Active Two-way Studio Monitors By Paul White
Published April 2011

The original VS2108 design was a real success for Quested — so when they said they'd improved it, we thought we'd better test that claim...

Quested V2108

Roger Quested has been building studio monitor speakers for even longer than I've been writing about them, but he still runs a small, independent company that means he can make his own design decisions, rather than having to follow the whims of the finance or marketing departments. Some five years ago we reviewed his VS2108 active monitors, which have now been radically upgraded and re‑engineered, to be relaunched as the V2108 reference monitor. Quested claims that the new model's benefits include improved dynamics delivery and better mid‑range clarity.

Design Overview

The two‑way driver layout remains the same, albeit with a new dust cap and stiffer cone on the eight‑inch driver, but power now comes from the company's new current‑driven, floating drive‑stage, Class A/B amplifier design. There's a 200W amplifier for each driver, which is almost double the power of the earlier version. The amp has been designed for Quested by amp specialists MC2, long‑term collaborators whose premises are just around the corner from Quested (in fact, they used to share premises).

MC2 amps are now used in all Quested active monitor designs, and Roger tells me that he picked the company as development partners after a long search for a suitable amp designer. He says that the new amp design is more reliable, easier to service and of higher quality than that on the V2108's predecessor.

The improvements in the amplifier design, the increased power rating and the changes to the main driver are said to be responsible for the improved mid‑range clarity of the monitors, and the extension of the low-end response down to 40Hz, as compared to the 55Hz of the original VS2108.

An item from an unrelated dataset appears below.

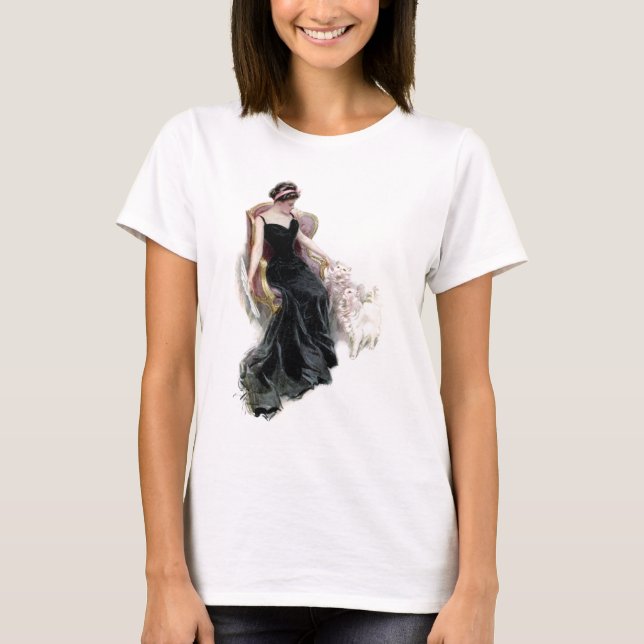 T-shirt Une dame et ses chats (Devant)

Thermal protection is built into the power amps, which are automatically switched to standby mode if they overheat. There's also plenty of heat sinking for normal operation: in addition to the large, rear‑panel, finned heat-sink, there are further metal panel sections, with ventilation slots running around the rear corner edges of the cabinet. A traditional analogue power supply is used for this model, and its operating voltage can be set to either 230V or 115V via internal plugs.

In Detail

The rear panel includes all of the inputs, outputs and response switching that you'd expect on a professional‑quality studio monitor, as well as the heat sink for the MC2‑designed amplifier.The rear panel includes all of the inputs, outputs and response switching that you'd expect on a professional‑quality studio monitor, as well as the heat sink for the MC2‑designed amplifier.

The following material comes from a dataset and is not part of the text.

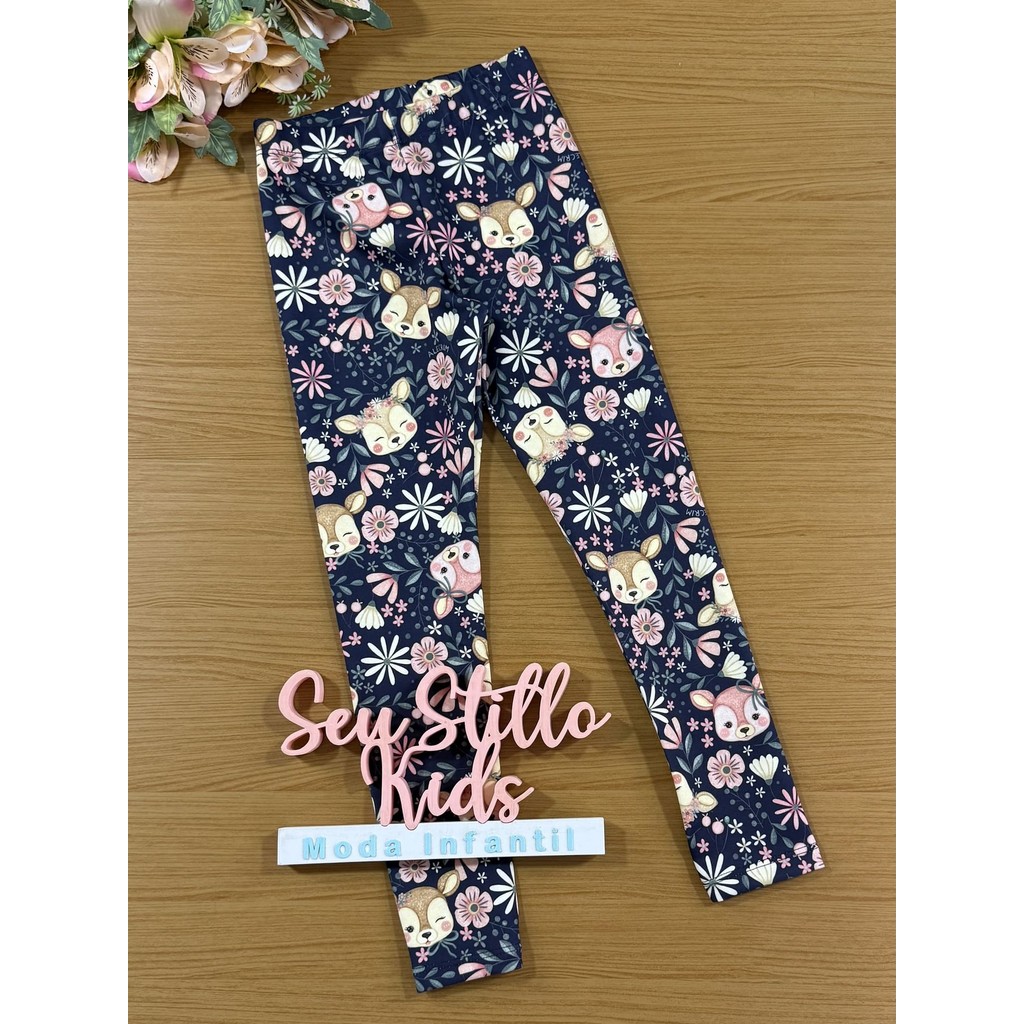 Calça Legging Infantil Kukie Azul Marinho Renna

These speakers are aimed at the smaller professional studio facility, as well as the more discerning end of the project‑studio market, and are a far cry from some of Quested's earlier studio monsters. Although Roger still builds bigger systems for those who need them, demand has shifted towards small‑ to medium‑sized studios. Even so, the V2108 is somewhat larger than most nearfield monitors, so it would probably be more realistic to classify these as midfield monitors, with each one weighing a hefty 23kg and measuring 340 x 400 x 365 mm. The proportions are slightly different from the original VS2108s, but the overall format is still very chunky and squat.

In this design, the eight‑inch bass driver utilises a dual rear‑suspension, and the cone has a long throw — or 'XMax', as the designers like to call it — while the one‑inch, soft‑dome HF driver is ferrofluid‑damped and has a wide dispersion characteristic to help generate a wider sweet spot. Dual bass ports are located at the bottom of the front baffle, and both drivers are flush-set into machined rebates in the 22mm‑thick baffle. Other than the blue Quested logo and its blue power LED, which flashes red to warn of impending clipping or overheating, the boxes are outwardly very conventional, with rounded corners and a textured black‑paint finish. There are no waveguides or other adornments.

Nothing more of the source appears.